Jesús, con la Ascensión, concluye su experiencia histórica, pero inaugura una nueva relación con nosotros: «Y sabed que yo estoy con vosotros todos los días, hasta el final de los tiempos» (Mt 28, 20), prometiendo dar «la fuerza del Espíritu Santo que va a venir sobre vosotros» (Hechos 1,8).  ¿Confiar o no confiar? La fe entra en juego aquí. La Iglesia vive ahora a la luz de esta promesa y de esta fe en su misión de hacer discípulos de todas las naciones, bautizándolos para incorporarlos a la vida trinitaria divina que les ha sido dejada como una revelación incomparable, como un don.

Cuando profesamos que Jesús ha subido al cielo, sabemos ahora que nos encontramos ante la perspectiva de otra vida, en la que el Resucitado nos precede; no es el vacío imaginado para una despedida: al contrario, Jesús dice: «os conviene que yo me vaya; porque si no me voy, no vendrá a vosotros el Paráclito.

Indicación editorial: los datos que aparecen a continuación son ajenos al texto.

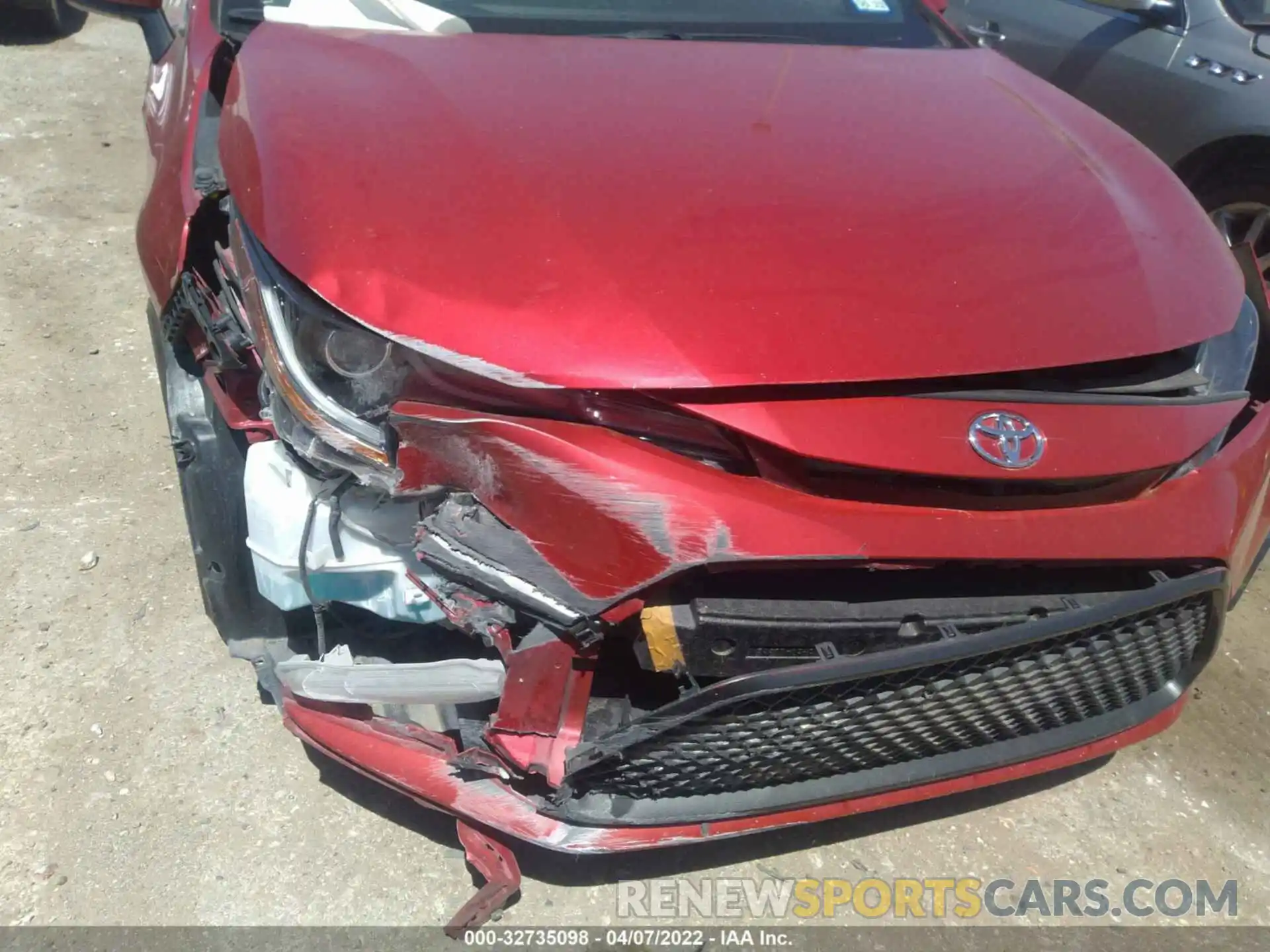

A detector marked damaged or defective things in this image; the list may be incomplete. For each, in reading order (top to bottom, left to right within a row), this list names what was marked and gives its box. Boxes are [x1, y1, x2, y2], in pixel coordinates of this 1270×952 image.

broken headlight [231, 222, 741, 477]
crumpled hood [218, 26, 1239, 391]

En cambio, si me voy, os lo enviaré» (Jn 16,7).

Con el Espíritu Santo comenzará un nuevo tiempo y una nueva misión para la Iglesia; como para María, el Espíritu Santo la hará madre fecunda en la alegría de la maternidad, pero también una mujer que sufre, como toda madre por sus hijos perdidos. 

María y la Iglesia: la misma misión de llevar a Jesús.